The Mühle-Glashütte 29er Zeigerdatum is one of those watches, as it sports nautical colors in a 100-meter water resistance case along with a not so common pointer date display. In this in-depth review I'll break down details to see if the Mühle-Glashütte 29er Zeigerdatum can be a perfect summer watch to add to your collection.


----------



## rickpal14

This is a gorgeous watch!! Already looking into where I can source it in the US... Thanks for the great review!


----------



## Nessun Dorma

rickpal14 said:


> This is a gorgeous watch!! Already looking into where I can source it in the US... Thanks for the great review!


Don't source it in the USA .... Get it from First Class Watches in the UK instead.

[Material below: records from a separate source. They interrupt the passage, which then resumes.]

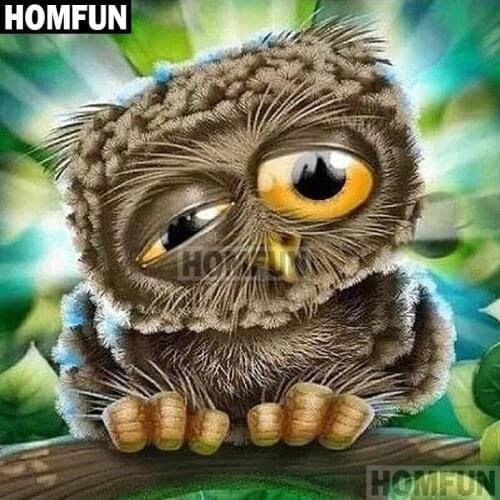 HOMFUN Full Square/Round Drill 5D DIY Diamond Painting "Animal Owl" 3D Embroidery Cross Stitch 5D Home Decor Gift A01825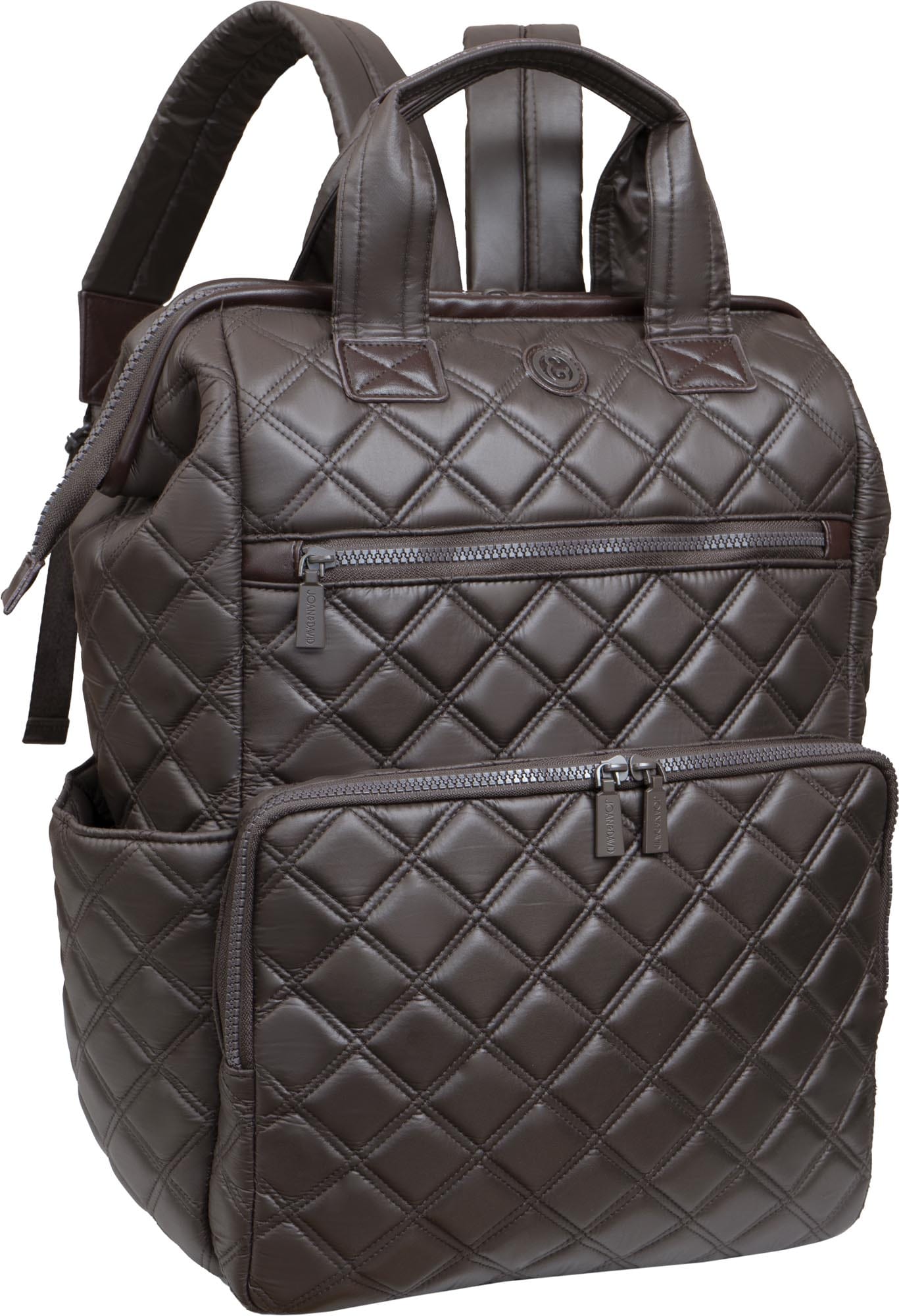 Joan & David Diamond Quilted Puffer Nylon Square Laptop Backpack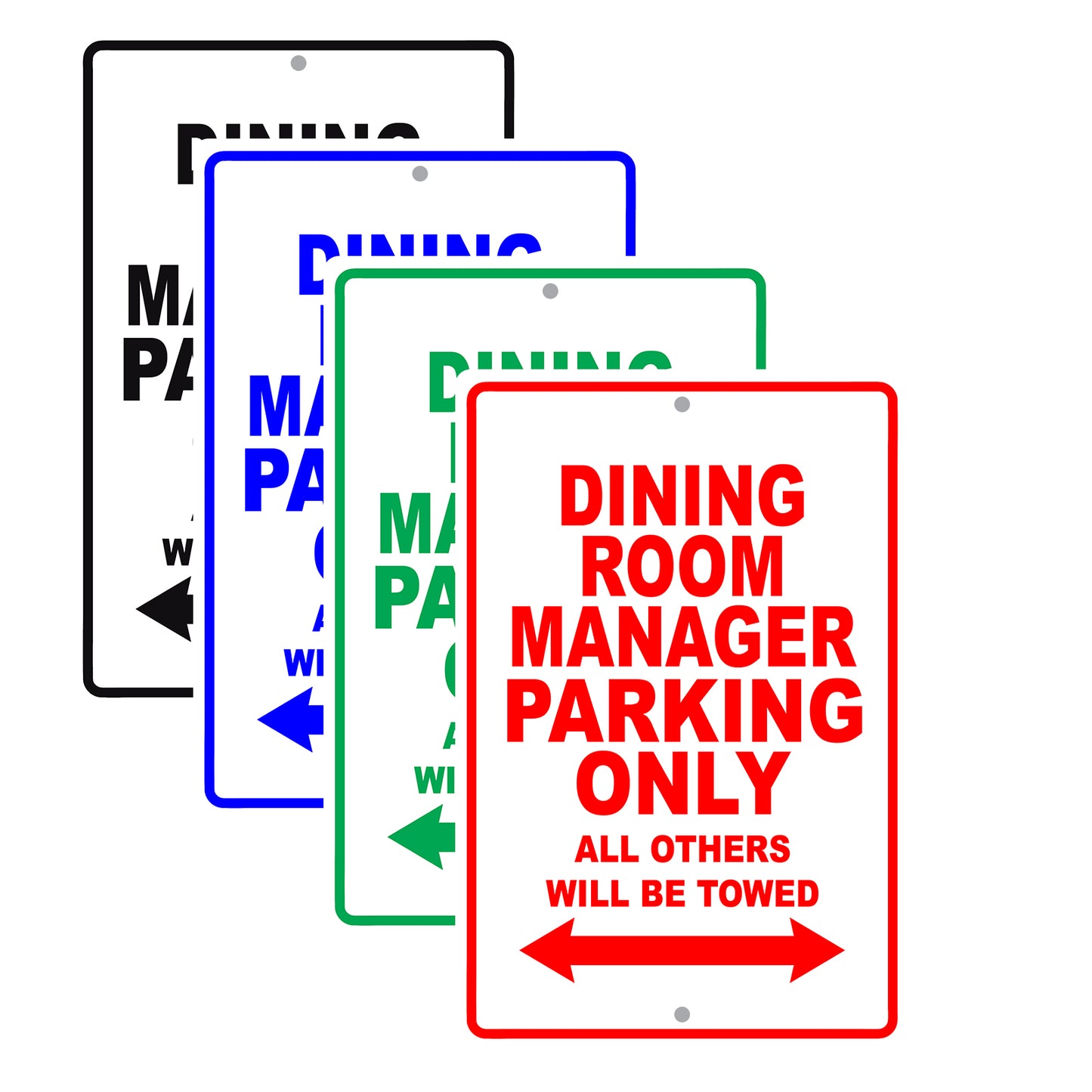 Dining Room Manager Parking Only All Others Will Be Towed Aluminum Metal Sign Plate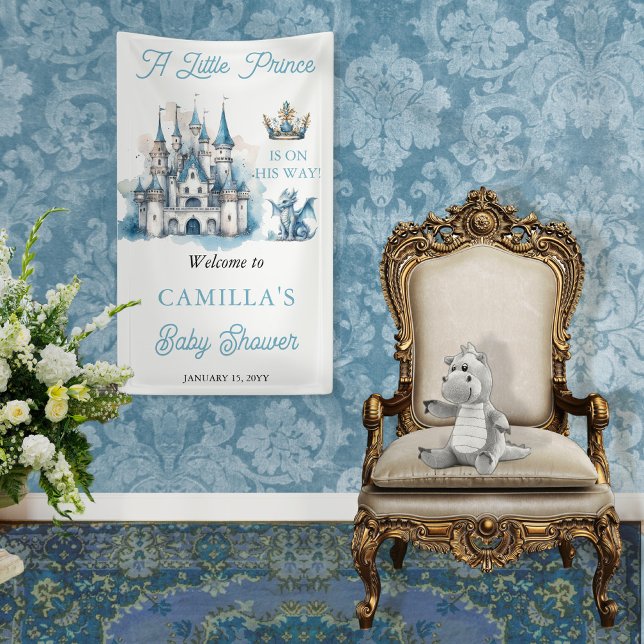 A Little Prince Is On His Way Boy Baby Shower Banner ("A Little Prince Is On His Way!" welcome vertical banner)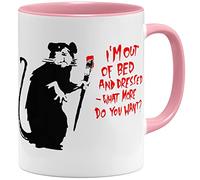 OM3 Out Of Bed Rat Banksy - Taza de cerámica, 325 ml, impresión por ambos lados, color rosa
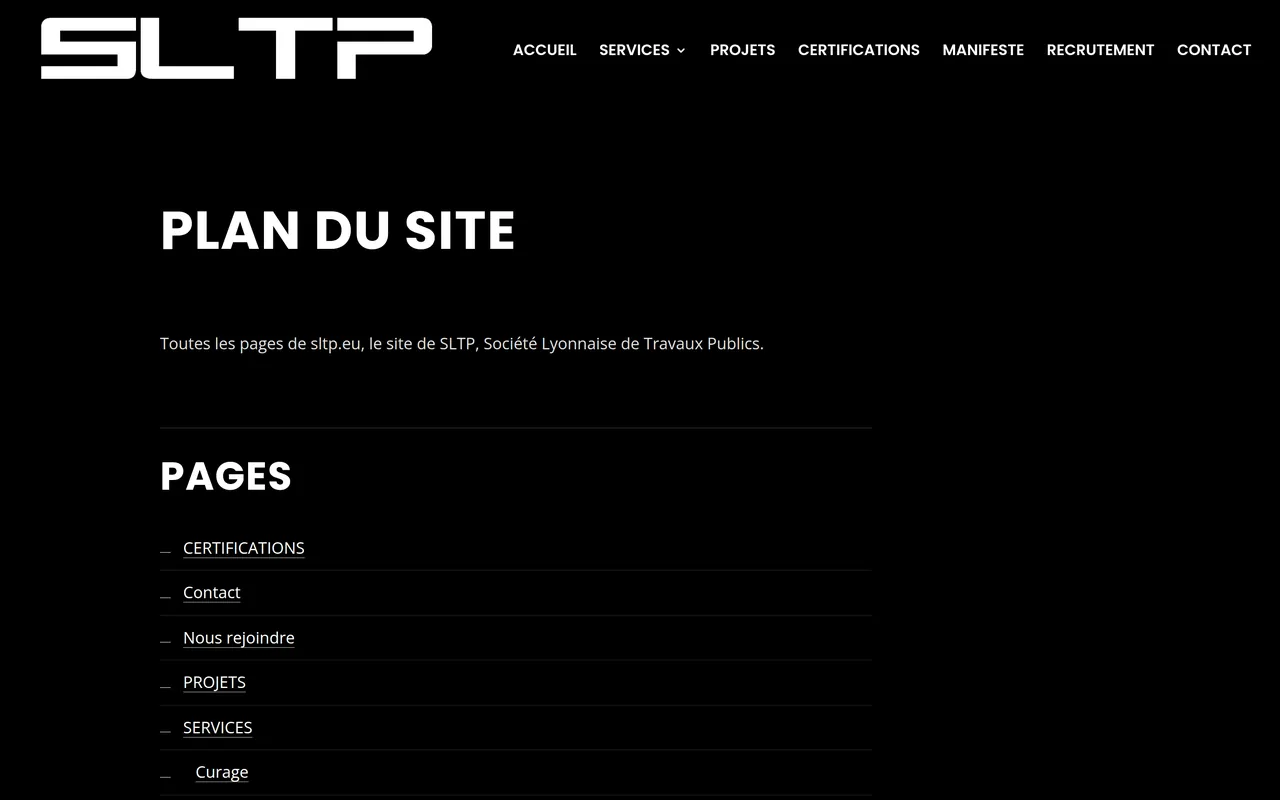Page « Plan du site » du site de SLTP, sur ordinateur.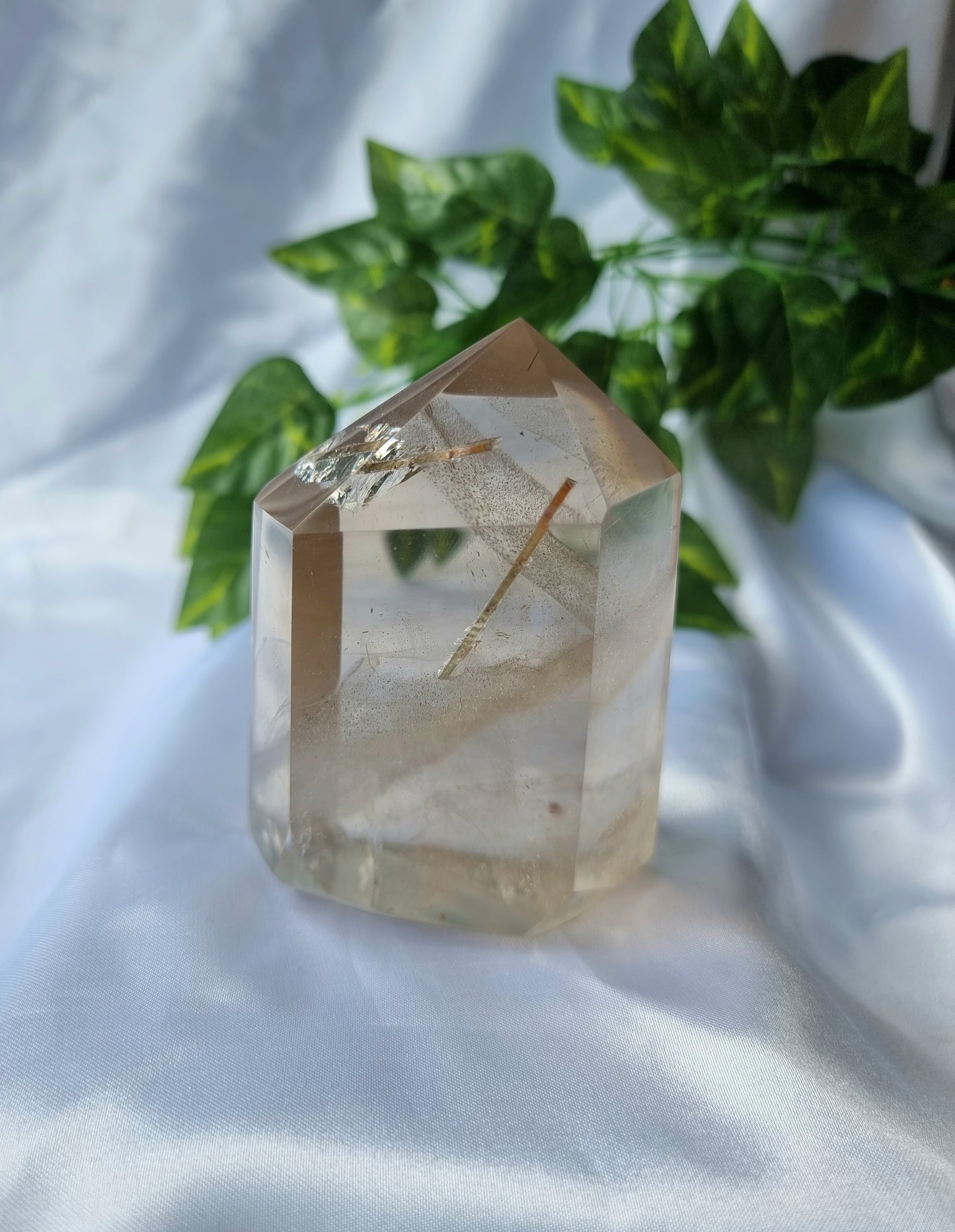 Smokey Quartz point with Golden Rutiles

They ship to the USA. I have purchased two Mühles from them in the last six months and was very pleased with both the watches and the price I paid. I saved almost $1000 over the price from a local AD. To put in perspective as well I also got a Sinn U2 from them and the price came out to almost $1500 less than what Watchbuys was selling for.


----------



## jarlleif

Does anyone have pictures of this watch on other straps? I’m considering getting one, but I’m unsure how well it will work on leather. The blue canvas is a perfect fit, but I’ll want to switch it up occasionally. 


Gesendet von iPhone mit Tapatalk


----------



## pdsf

That chronometer is gorgeous....!!!!


----------



## rickpal14

Whelp...... I did it!!! Just ordered this piece and with any luck I will have it Christmas Eve. Pics to follow once I have it of course!!


----------



## jarlleif

rickpal14 said:


> Whelp...... I did it!!! Just ordered this piece and with any luck I will have it Christmas Eve. Pics to follow once I have it of course!!


Congratulations! I'd love to see a few pictures


----------